Set every record down verbatim and omit the pictures.

* _Short text fragments from websites_:
──────

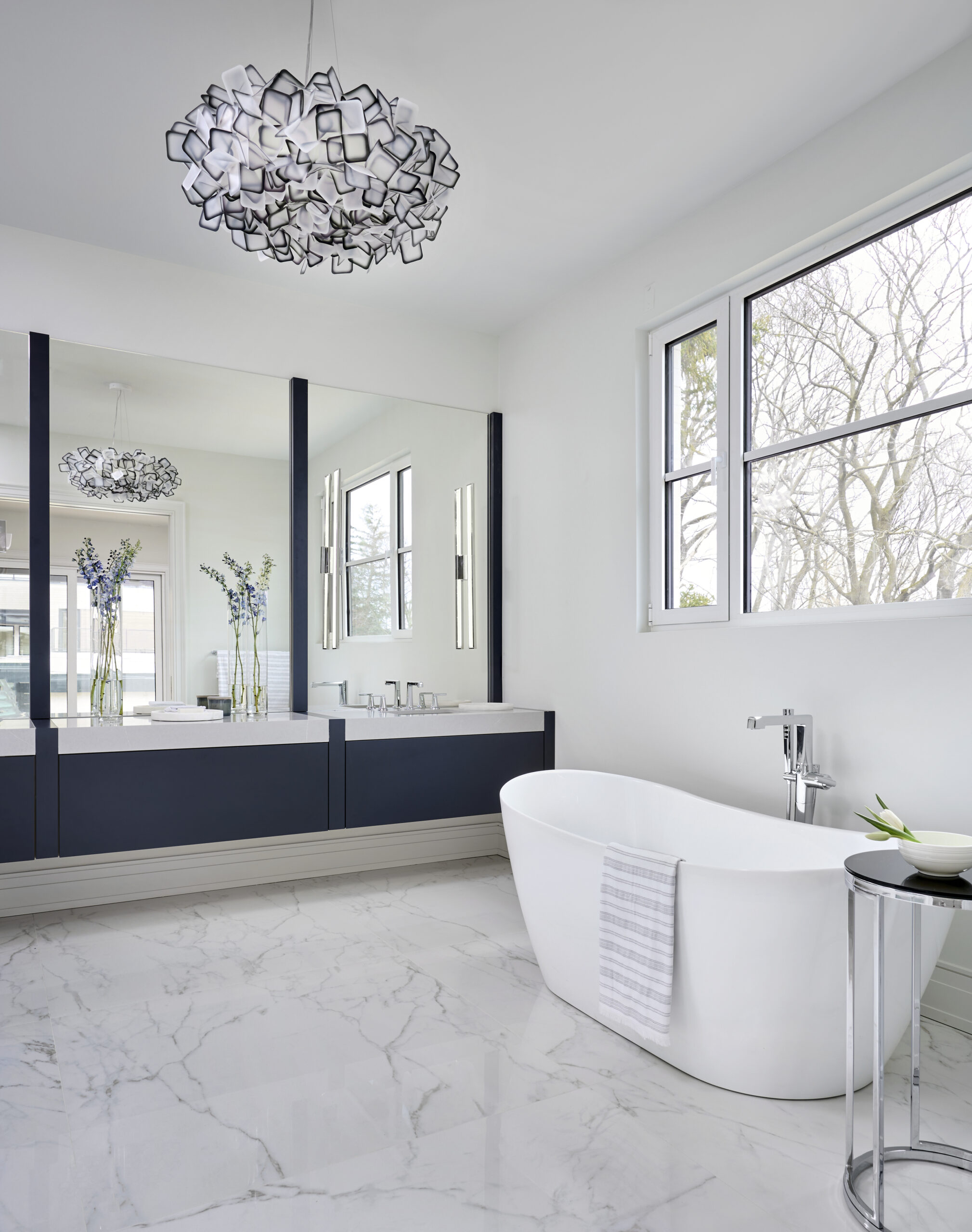 Bathroom with two sinks and a bathtub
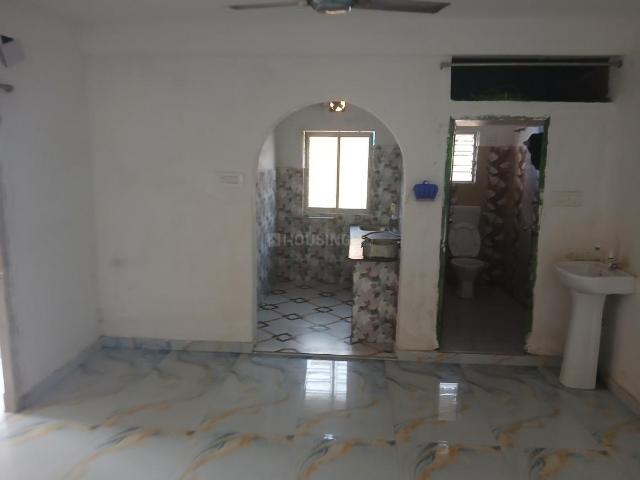 2 BHK Apartment in Keshtopur for rent Kolkata. The reference number is 19343187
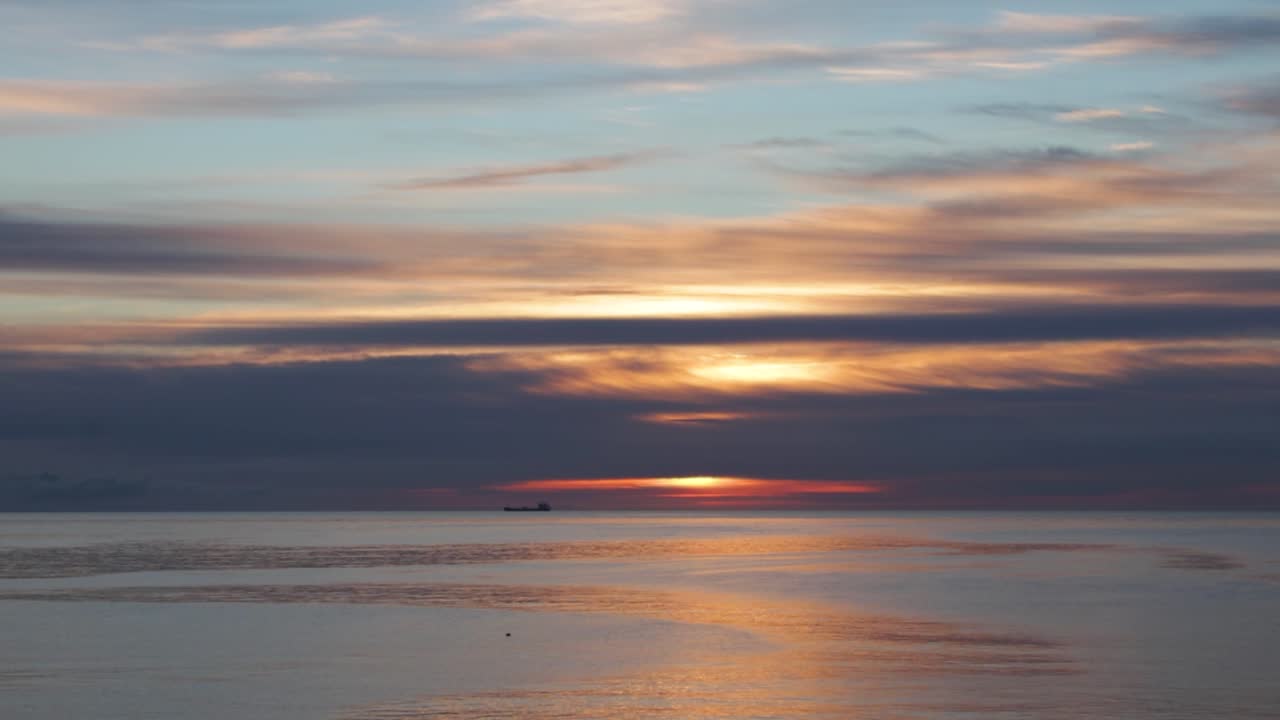Timelapse of the sun rising above the horizon through the clouds at Howth
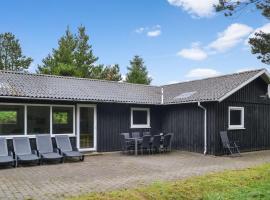Holiday Home Arnold - 3-3km from the sea in Western Jutland by Interhome, hotell i Mølby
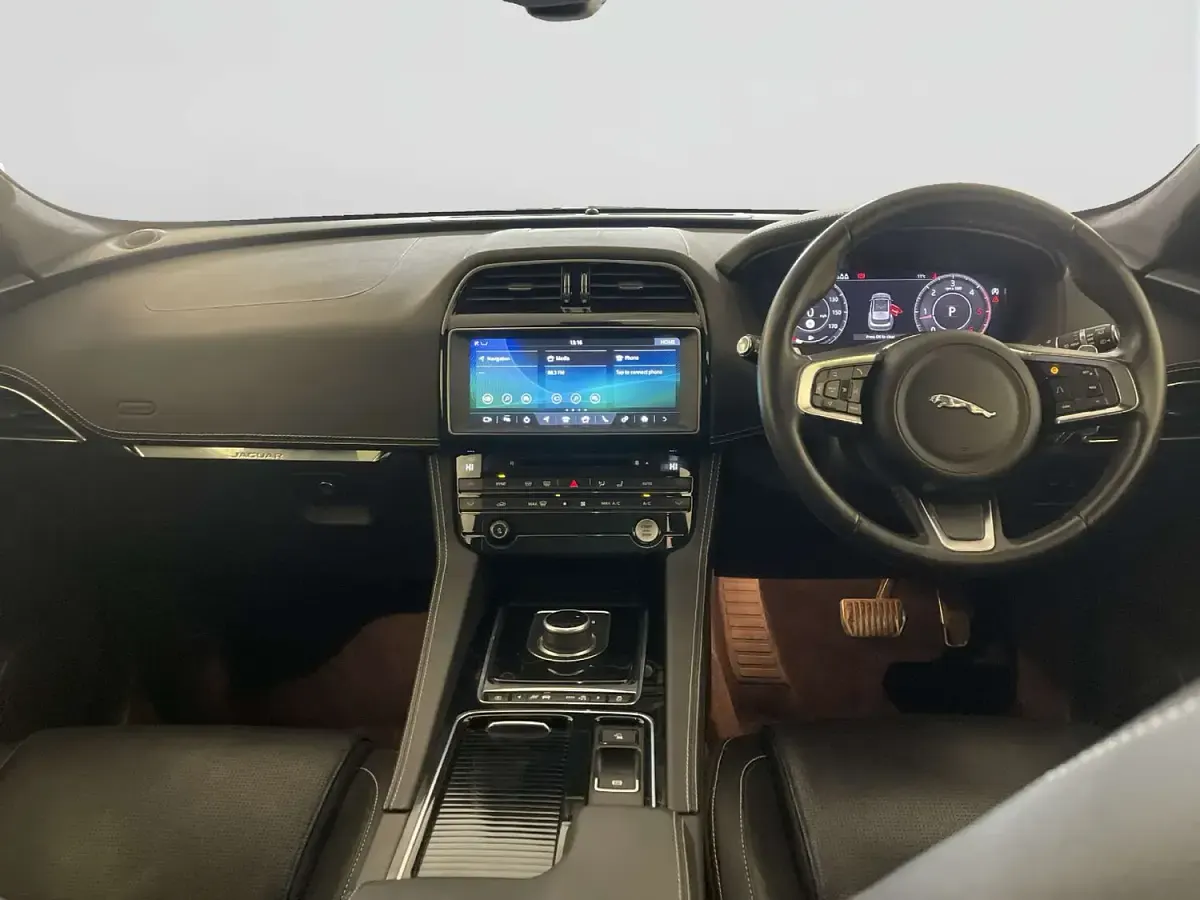 Begagnad Jaguar F-Pace Chequered Flag 180 HK (132 kW) 2020 Svart SUV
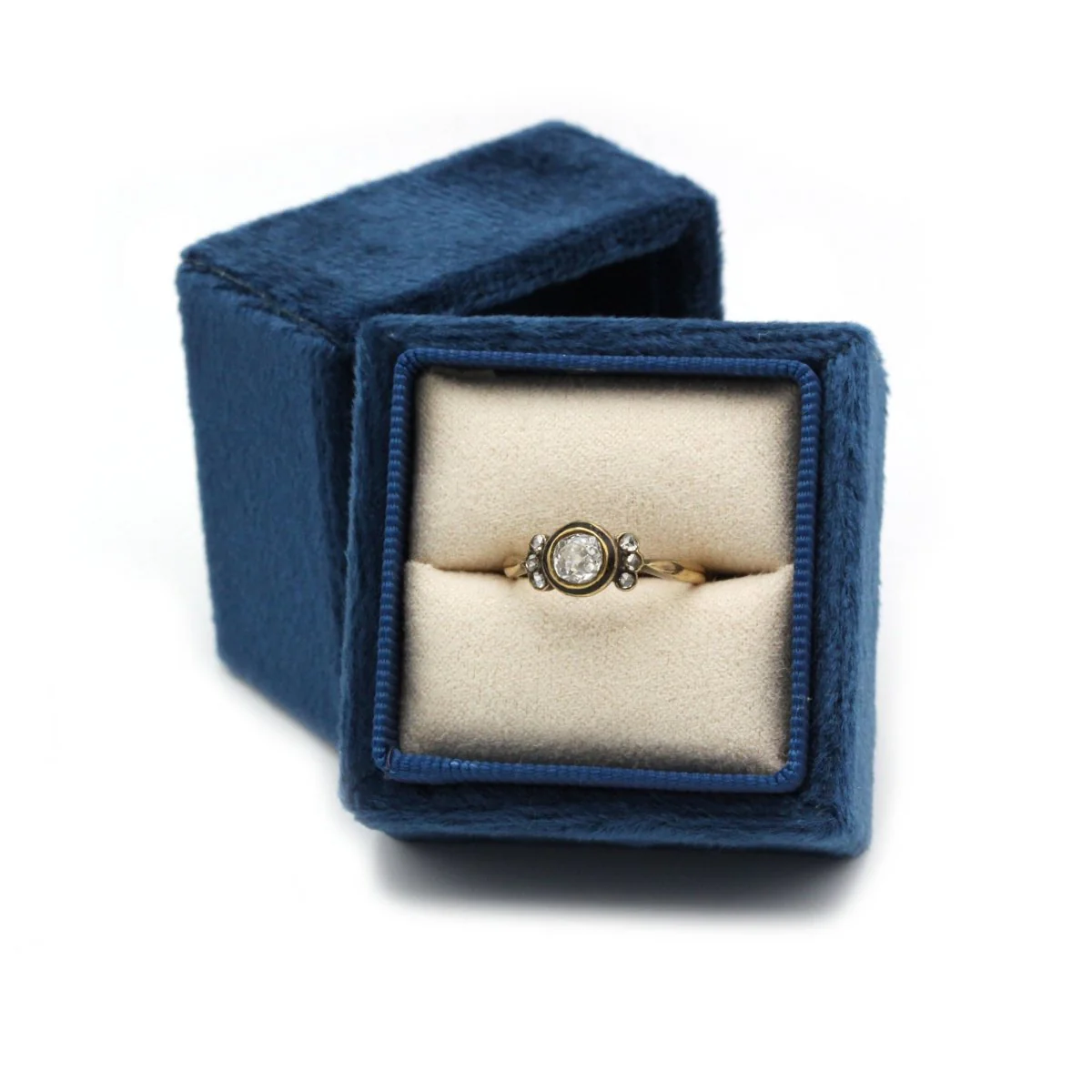 Bague ancienne Napoléon III solitaire - Or jaune 18K et diamants - Image 6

──────

* _Exercise output_:
 Bathroom with two sinks and a bathtub
 2 BHK Apartment in Keshtopur for rent Kolkata. The reference number is 19343187
Timelapse of the sun rising above the horizon through the clouds at Howth
Holiday Home Arnold - 3-3km from the sea in Western Jutland by Interhome, hotell i Mølby
 Begagnad Jaguar F-Pace Chequered Flag 180 HK (132 kW) 2020 Svart SUV
 Bague ancienne Napoléon III solitaire - Or jaune 18K et diamants - Image 6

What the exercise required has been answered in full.